As the demand for switching power supplies continues to grow in many industries, measuring and analyzing the power loss of the next generation of switching power supplies is critical. This article describes how to use the TDS5000O series digital phosphor oscilloscope and TDSPWR2 power measurement software to perform power loss analysis.

The new switching power supply (SMPS, Switch Mode Power Supply) needs to provide lower voltage and high current for high data transmission speed and GHz-class processors, which adds invisible new pressure to power supply designers in terms of power efficiency, power density, reliability and cost. In order to take these requirements into account in the design, designers have adopted new structures such as synchronous rectification technology, active power factor correction and increased switching frequency. These technologies also bring some higher challenges, such as: higher power loss on switching devices and excessive EMI/EMC.

Since the power dissipated by a switching power supply determines the efficiency of the power supply and its thermal effects, determining the power loss of the switching devices and inductors/transformers is an extremely important measurement task.

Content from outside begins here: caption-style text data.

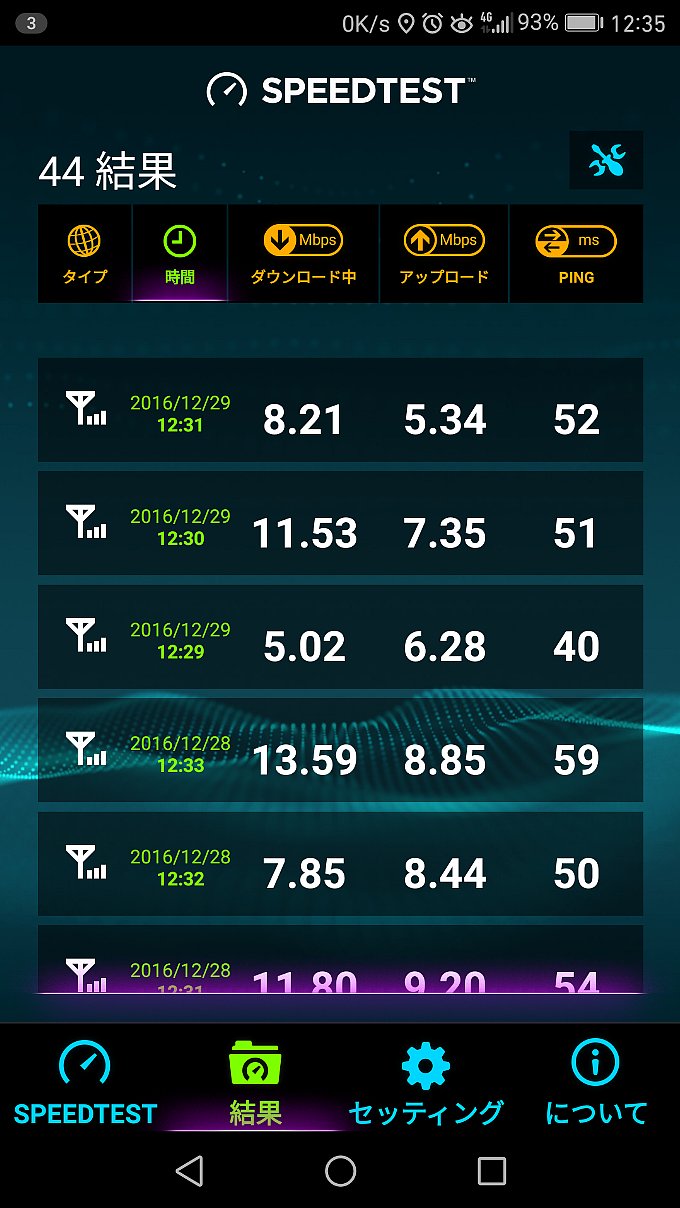 12月29日 LINEモバイル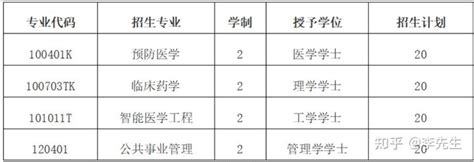 重庆医科大学2022年第二学士学位招生简章 - 知乎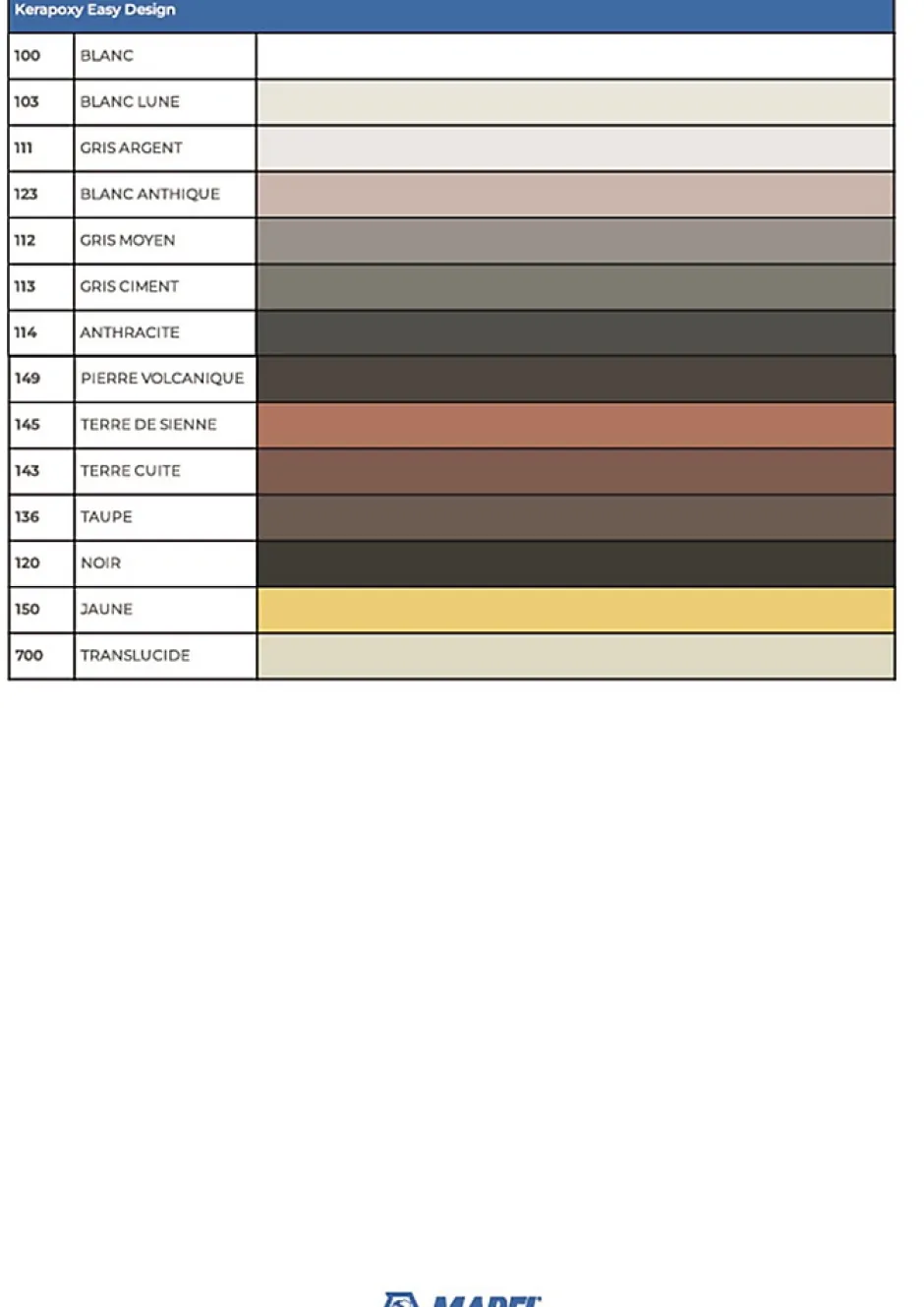 KERAPOXY EASY DESIGN - Coloris : 100 Blanc - Pot de 3 kg^Mapei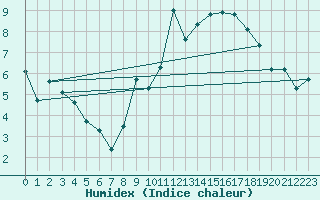 Courbe de l'humidex pour Aigrefeuille d'Aunis (17)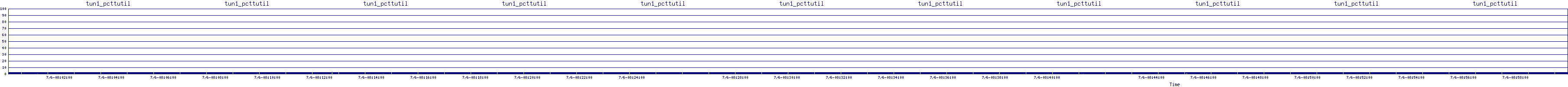/2025/07/06/08/tun1_pcttutil.png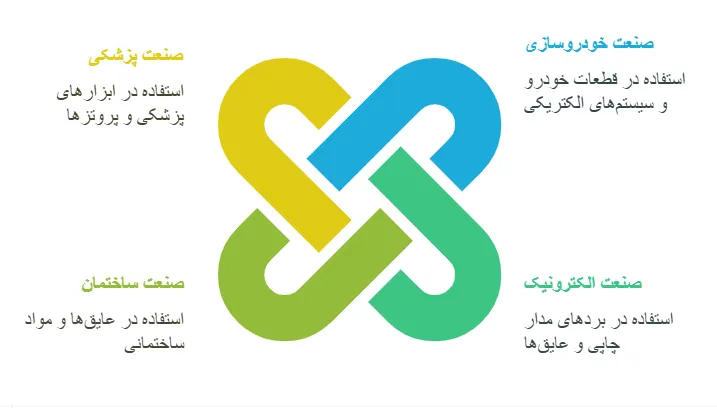 کاربرد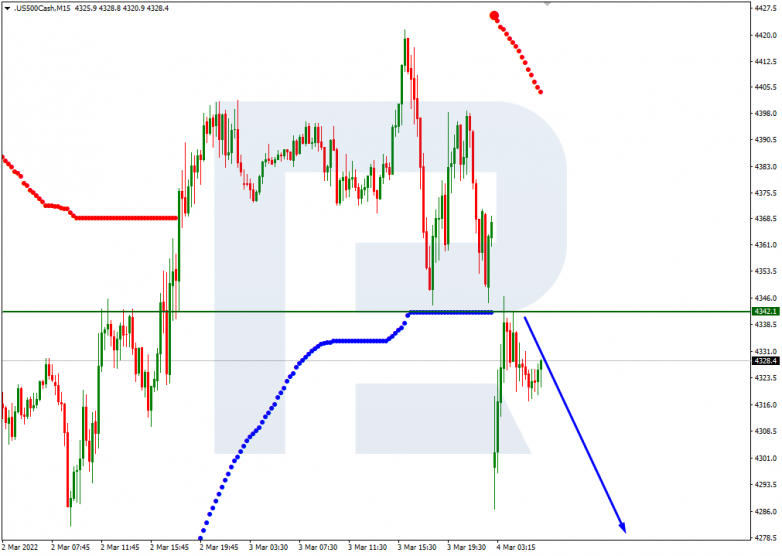 S&P 500_M15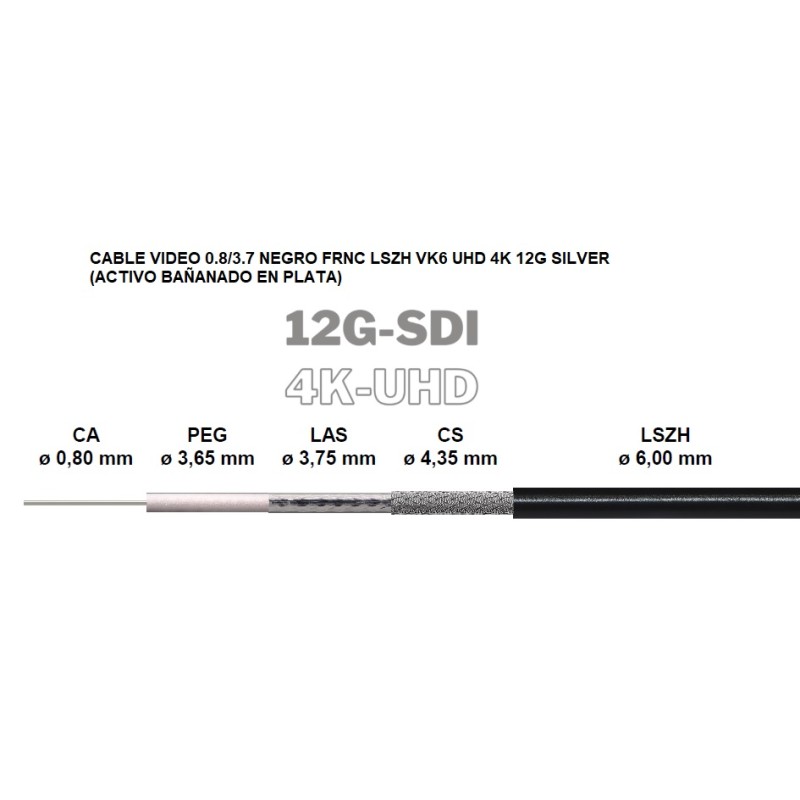 CABLE VIDEO 0.8/3.7 NEGRO HD FRNC 4K 12G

The challenges faced by designers in accurately measuring and analyzing the instantaneous power loss of various devices include the following aspects: the test setup required to accurately measure power loss; correcting for errors caused by conduction delays of voltage and current probes; calculating power loss graphs for non-periodic switching changes; analyzing power losses during dynamic changes in load; and calculating the core losses of inductors or transformers.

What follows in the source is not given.